__Task objective__:
Write only the number of lines below in which "Team" occurs.
[[ Supplied material, beginning ]]
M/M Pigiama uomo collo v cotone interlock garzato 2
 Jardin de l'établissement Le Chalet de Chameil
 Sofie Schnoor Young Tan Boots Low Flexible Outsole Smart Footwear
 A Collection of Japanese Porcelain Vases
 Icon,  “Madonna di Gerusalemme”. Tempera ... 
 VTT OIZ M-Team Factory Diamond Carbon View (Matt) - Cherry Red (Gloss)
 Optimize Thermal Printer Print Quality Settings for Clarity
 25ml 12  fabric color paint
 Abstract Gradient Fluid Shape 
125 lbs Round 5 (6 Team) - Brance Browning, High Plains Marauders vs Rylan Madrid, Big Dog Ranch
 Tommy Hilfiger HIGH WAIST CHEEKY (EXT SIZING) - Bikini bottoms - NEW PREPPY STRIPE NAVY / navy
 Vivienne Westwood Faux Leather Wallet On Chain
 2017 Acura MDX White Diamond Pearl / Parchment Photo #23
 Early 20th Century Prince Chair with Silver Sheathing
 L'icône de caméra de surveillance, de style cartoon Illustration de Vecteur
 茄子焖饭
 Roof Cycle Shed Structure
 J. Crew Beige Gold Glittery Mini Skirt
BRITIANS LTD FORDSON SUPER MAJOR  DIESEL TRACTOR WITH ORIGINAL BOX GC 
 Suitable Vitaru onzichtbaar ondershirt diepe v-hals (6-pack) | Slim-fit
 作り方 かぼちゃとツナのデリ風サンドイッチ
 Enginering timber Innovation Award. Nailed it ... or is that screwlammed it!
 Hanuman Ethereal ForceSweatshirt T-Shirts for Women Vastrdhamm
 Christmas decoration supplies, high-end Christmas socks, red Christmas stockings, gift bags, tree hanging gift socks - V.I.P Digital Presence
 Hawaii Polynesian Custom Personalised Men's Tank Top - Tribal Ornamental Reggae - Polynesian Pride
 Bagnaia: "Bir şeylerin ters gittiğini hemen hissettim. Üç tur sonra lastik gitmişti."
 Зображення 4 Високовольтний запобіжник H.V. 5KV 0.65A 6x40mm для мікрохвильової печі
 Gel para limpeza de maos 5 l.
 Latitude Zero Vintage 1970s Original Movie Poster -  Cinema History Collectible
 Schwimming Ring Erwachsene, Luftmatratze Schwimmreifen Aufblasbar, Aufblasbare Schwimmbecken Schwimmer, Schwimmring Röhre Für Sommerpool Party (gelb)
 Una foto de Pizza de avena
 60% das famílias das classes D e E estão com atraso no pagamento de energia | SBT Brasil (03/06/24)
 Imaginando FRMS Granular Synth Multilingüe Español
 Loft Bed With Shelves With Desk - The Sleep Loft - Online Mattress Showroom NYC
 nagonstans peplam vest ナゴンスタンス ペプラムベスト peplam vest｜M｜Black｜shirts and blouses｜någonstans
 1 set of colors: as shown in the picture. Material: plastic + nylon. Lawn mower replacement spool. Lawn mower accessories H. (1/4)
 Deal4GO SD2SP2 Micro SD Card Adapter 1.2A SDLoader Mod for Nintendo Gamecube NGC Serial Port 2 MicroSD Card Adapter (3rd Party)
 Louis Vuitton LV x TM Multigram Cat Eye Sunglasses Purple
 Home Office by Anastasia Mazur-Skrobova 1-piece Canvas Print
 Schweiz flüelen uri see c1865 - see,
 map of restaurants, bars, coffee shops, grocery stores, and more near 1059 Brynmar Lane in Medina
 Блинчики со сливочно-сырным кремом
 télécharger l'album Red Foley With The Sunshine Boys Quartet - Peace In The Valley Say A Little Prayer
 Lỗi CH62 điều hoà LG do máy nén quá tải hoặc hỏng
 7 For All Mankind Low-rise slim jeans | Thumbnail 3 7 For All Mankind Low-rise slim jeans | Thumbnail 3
[[ Supplied material, end ]]
__Completed exercise__:
2